# 61A Homework 7

Due by 4pm on Monday, 5 March

You can grab a template for this homework either by downloading the file from the calendar or by running the following command in terminal on one of the school computers (the dot is significant: it denotes the current directory)

```cp ~cs61a/lib/hw/hw7.py .
```

Q1.

The number of partitions of a positive integer is the number of ways in which it can be expressed as the sum of positive integers in increasing order. For example, the number 5 has 7 partitions:

```5 = 5
5 = 1 + 4
5 = 2 + 3
5 = 1 + 1 + 3
5 = 1 + 2 + 2
5 = 1 + 1 + 1 + 2
5 = 1 + 1 + 1 + 1 + 1
```

Write a tree-recursive function part(n) that returns the number of partitions of n.

Hint: Introduce a locally defined function that computes partitions of n using only a subset of the integers less than or equal to n.

```def part(n):
"""Return the number of partitions of positive integer n.

>>> part(5)
7
"""
```

Q2. A mathematical function g is defined by two cases:

```g(n) = n,                                       if n <= 3
g(n) = g(n - 1) + 2 * g(n - 2) + 3 * g(n - 3),  if n > 3
```

Write a recursive function that computes g. Then, write an iterative function, g_iter, that computes the same values.

Q3. Write another version of the recursive g from Q2, call it g_counted, that takes the same argument n and returns a pair (i.e., a two-element tuple) containing the value of g(n) and the number of calls to g that would occur in the recursive computation of g(n) (including the initial call, so that the second element of the returned tuple is always positive). For example:

```>>> g_counted(2)
(2, 1)
>>> g_counted(4)
(10, 4)
>>> g_counted(5)
(22, 7)
```

Q4. Define a class vect that represents vectors in 2-dimensional space. You can think of vectors as being arrows in the plane having a direction and length, such as the distance and direction of one point in the plane from another. They are often represented as pairs of numbers, representing a distance in the x direction and y direction respectively. Given two vectors, v1 and v2, they can be added, subtracted, multiplied by a scalar (a number), and "dotted". We want them to behave as shown here:

```>>> v1 = vect(3, 4)
>>> v1
vect(3, 4)
>>> print(v1)
(3, 4)
>>> v1.x
3
>>> v1.y
4
>>> v1.x = 7
Traceback (most recent call last):
...
AttributeError: can't set attribute
>>> v1 * 3
vect(9, 12)
>>> 3 * v1
vect(9, 12)
>>> v2 = vect(4, -2)
>>> v1 + v2
vect(7, 2)
>>> v1 - v2
vect(-1, 6)
>>> v1 * v2             # inner product = 12 - 8
4
>>> abs(v1)             # = sqrt(3**2 + 4**2)
5.0
"""
```

You may want to consult section 3.3 of the Python reference manual.

Q5. Using the memo-table idea from the FastEvaluator class in Lecture 16, write a function partm that memoizes the part function from Q1 (so that partm(n) computes part(n), but faster). You should be able to compute partm(500) almost instantly. (We used a class in lecture to hold the memo table, but a local variable in a function will work, too)

Q6.

Consider the rlist C in the following example, using a mutable rlist type adapted from HW #5:

```>>> C = rlist(1, rlist(2, rlist(3)))
>>> C.rest().rest().set_rest(C)
>>> C.rest().rest().rest().first()
1
>>> C.rest().rest().rest().rest().first()
2
```

We say this list is circular. Circular lists can be useful, but they require tweaks to the usual implementations of some routines.

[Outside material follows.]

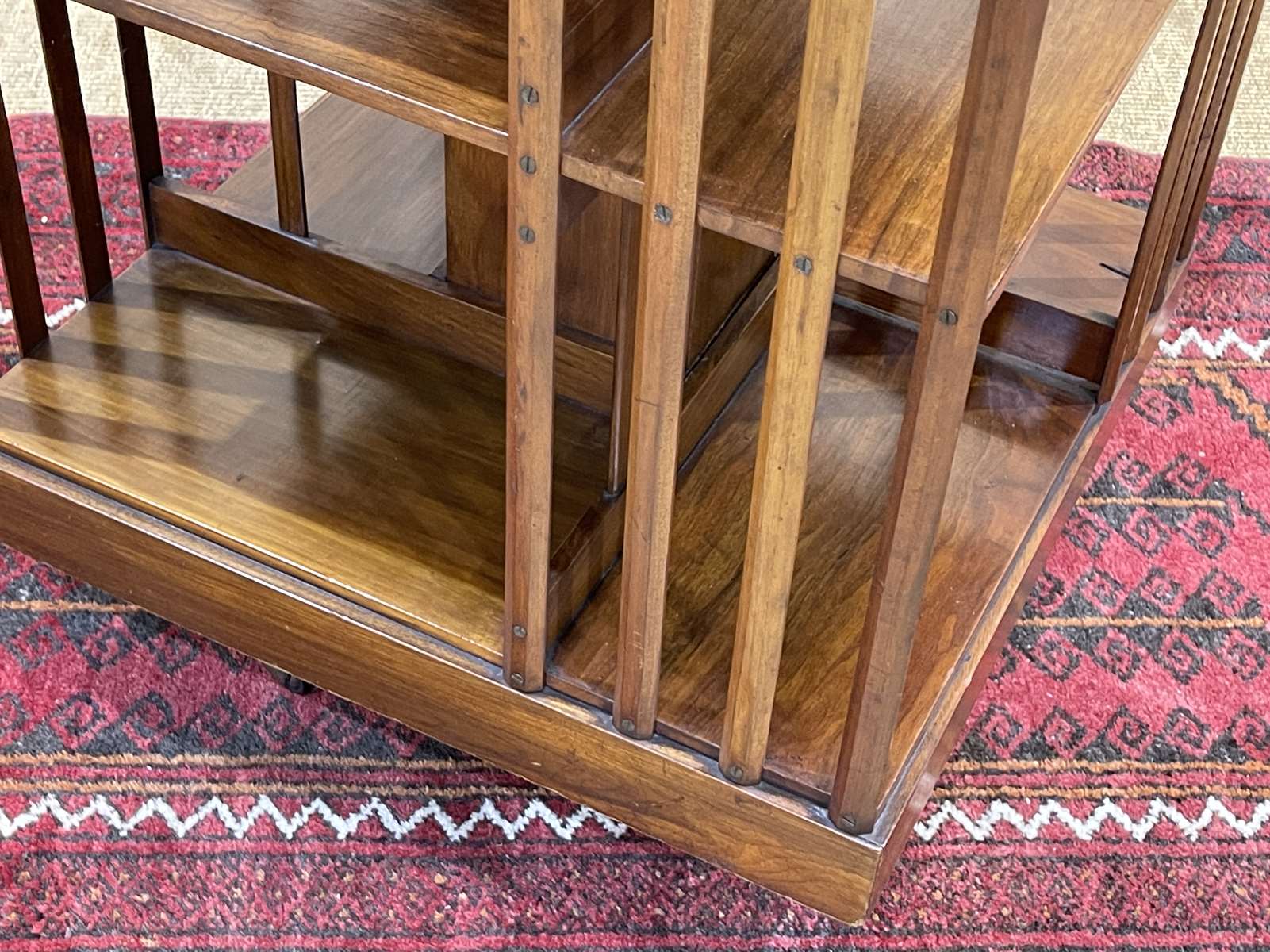 1930s mahogany revolving bookcase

For example, the rlist_to_list function from HW #5 would go into an infinite loop on C.

Write a function that determines whether an rlist is circular:

```>>> C = rlist(1, rlist(2, rlist(3)))
>>> has_cycle(C)
False
>>> C.rest().rest().set_rest(C)
>>> has_cycle(C)
True
>>> C = rlist(0, C)
>>> has_cycle(C)
True
```

Q7. [Extra for experts.]

Do problem Q6 again, producing a function has_cycle2(C) that produces the same result as has_cycle(C), but does so with constant extra space (that is, without creating any data structures (such as lists, dictionaries, or sets) that grow over time.)

Q8. [Extra for experts.]

The recursive factorial function can be written as a single expression by using a conditional expression.:

```>>> fact = lambda n: 1 if n == 1 else mul(n, fact(sub(n, 1)))
>>> fact(5)
120
```

To write a recursive function previously, we have always given it a name using a def or assignment statement so that we can refer to the function within its own body. In this question, your job is to define fact without giving it a name!

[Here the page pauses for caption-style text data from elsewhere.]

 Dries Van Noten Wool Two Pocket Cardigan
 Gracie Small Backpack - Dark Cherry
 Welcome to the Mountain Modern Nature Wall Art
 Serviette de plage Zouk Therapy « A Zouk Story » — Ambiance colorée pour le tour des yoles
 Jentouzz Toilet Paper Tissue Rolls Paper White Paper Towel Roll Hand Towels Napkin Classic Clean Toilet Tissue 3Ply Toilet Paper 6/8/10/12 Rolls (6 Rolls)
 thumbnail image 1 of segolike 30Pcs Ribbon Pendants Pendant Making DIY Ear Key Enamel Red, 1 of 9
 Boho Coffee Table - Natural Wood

Write an expression that computes n factorial using only call expressions, conditional expressions, and lambda expressions (no assignment or def statements). The sub and mul functons from the operator module are the only built-in function required to solve this problem.

Hint: Googling Y-combinator will tell you the solution, so don't do that until you've tried to solve the problem yourself!